**Task objective**
Only what runs from the line with "Hotel Strawberry Chandigarh" to the final line of the records below should be given again, word for word.
*** Opening Information ***
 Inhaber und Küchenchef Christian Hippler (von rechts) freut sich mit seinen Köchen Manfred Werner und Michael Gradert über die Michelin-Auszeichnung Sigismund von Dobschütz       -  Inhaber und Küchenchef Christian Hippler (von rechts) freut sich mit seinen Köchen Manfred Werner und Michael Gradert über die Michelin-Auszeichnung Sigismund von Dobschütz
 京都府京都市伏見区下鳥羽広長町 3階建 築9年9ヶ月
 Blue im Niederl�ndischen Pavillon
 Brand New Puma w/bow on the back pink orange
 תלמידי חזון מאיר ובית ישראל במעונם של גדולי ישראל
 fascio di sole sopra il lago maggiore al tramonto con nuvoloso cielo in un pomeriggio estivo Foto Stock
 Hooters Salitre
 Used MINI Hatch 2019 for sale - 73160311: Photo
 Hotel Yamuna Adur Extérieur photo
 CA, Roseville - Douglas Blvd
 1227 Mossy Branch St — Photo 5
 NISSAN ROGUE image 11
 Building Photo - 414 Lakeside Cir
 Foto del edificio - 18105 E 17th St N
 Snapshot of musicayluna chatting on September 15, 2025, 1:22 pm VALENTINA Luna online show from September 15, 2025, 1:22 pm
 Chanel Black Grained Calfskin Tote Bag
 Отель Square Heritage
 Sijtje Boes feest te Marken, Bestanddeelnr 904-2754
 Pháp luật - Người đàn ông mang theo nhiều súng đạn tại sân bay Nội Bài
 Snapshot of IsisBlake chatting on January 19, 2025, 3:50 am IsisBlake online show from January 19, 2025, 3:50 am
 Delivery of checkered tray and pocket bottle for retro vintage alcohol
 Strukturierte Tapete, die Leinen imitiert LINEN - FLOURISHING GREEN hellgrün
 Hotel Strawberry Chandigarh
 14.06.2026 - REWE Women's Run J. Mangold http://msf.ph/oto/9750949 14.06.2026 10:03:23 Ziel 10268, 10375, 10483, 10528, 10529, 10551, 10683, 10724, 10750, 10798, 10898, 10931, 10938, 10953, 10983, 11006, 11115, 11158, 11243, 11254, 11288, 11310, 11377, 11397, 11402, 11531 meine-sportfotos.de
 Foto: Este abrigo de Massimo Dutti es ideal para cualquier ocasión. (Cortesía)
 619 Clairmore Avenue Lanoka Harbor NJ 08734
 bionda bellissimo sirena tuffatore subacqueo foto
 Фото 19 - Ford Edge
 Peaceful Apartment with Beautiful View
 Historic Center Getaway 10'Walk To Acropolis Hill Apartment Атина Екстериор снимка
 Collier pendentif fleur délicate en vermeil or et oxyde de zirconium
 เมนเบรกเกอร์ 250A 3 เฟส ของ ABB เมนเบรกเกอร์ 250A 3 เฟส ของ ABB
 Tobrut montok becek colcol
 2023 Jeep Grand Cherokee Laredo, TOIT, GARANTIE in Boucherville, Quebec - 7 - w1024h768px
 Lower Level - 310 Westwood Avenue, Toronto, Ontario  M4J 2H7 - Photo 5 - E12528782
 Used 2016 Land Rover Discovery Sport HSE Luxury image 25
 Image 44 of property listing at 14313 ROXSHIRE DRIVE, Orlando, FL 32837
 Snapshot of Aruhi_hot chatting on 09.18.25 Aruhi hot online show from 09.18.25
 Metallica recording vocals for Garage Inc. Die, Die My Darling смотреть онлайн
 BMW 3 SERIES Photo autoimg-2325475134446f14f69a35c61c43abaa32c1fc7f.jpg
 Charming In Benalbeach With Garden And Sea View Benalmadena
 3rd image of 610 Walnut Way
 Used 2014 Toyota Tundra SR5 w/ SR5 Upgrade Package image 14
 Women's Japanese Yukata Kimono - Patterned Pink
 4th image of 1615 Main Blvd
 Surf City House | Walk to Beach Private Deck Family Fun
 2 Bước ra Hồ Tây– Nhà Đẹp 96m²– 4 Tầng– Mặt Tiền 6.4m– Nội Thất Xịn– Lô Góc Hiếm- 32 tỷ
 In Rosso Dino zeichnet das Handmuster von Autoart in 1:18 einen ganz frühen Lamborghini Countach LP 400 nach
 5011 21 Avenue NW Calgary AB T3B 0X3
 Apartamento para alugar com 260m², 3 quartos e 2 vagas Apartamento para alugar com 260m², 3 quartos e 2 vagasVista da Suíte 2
*** Closing Information ***
**Answer**
 Hotel Strawberry Chandigarh
 14.06.2026 - REWE Women's Run J. Mangold http://msf.ph/oto/9750949 14.06.2026 10:03:23 Ziel 10268, 10375, 10483, 10528, 10529, 10551, 10683, 10724, 10750, 10798, 10898, 10931, 10938, 10953, 10983, 11006, 11115, 11158, 11243, 11254, 11288, 11310, 11377, 11397, 11402, 11531 meine-sportfotos.de
 Foto: Este abrigo de Massimo Dutti es ideal para cualquier ocasión. (Cortesía)
 619 Clairmore Avenue Lanoka Harbor NJ 08734
 bionda bellissimo sirena tuffatore subacqueo foto
 Фото 19 - Ford Edge
 Peaceful Apartment with Beautiful View
 Historic Center Getaway 10'Walk To Acropolis Hill Apartment Атина Екстериор снимка
 Collier pendentif fleur délicate en vermeil or et oxyde de zirconium
 เมนเบรกเกอร์ 250A 3 เฟส ของ ABB เมนเบรกเกอร์ 250A 3 เฟส ของ ABB
 Tobrut montok becek colcol
 2023 Jeep Grand Cherokee Laredo, TOIT, GARANTIE in Boucherville, Quebec - 7 - w1024h768px
 Lower Level - 310 Westwood Avenue, Toronto, Ontario  M4J 2H7 - Photo 5 - E12528782
 Used 2016 Land Rover Discovery Sport HSE Luxury image 25
 Image 44 of property listing at 14313 ROXSHIRE DRIVE, Orlando, FL 32837
 Snapshot of Aruhi_hot chatting on 09.18.25 Aruhi hot online show from 09.18.25
 Metallica recording vocals for Garage Inc. Die, Die My Darling смотреть онлайн
 BMW 3 SERIES Photo autoimg-2325475134446f14f69a35c61c43abaa32c1fc7f.jpg
 Charming In Benalbeach With Garden And Sea View Benalmadena
 3rd image of 610 Walnut Way
 Used 2014 Toyota Tundra SR5 w/ SR5 Upgrade Package image 14
 Women's Japanese Yukata Kimono - Patterned Pink
 4th image of 1615 Main Blvd
 Surf City House | Walk to Beach Private Deck Family Fun
 2 Bước ra Hồ Tây– Nhà Đẹp 96m²– 4 Tầng– Mặt Tiền 6.4m– Nội Thất Xịn– Lô Góc Hiếm- 32 tỷ
 In Rosso Dino zeichnet das Handmuster von Autoart in 1:18 einen ganz frühen Lamborghini Countach LP 400 nach
 5011 21 Avenue NW Calgary AB T3B 0X3
 Apartamento para alugar com 260m², 3 quartos e 2 vagas Apartamento para alugar com 260m², 3 quartos e 2 vagasVista da Suíte 2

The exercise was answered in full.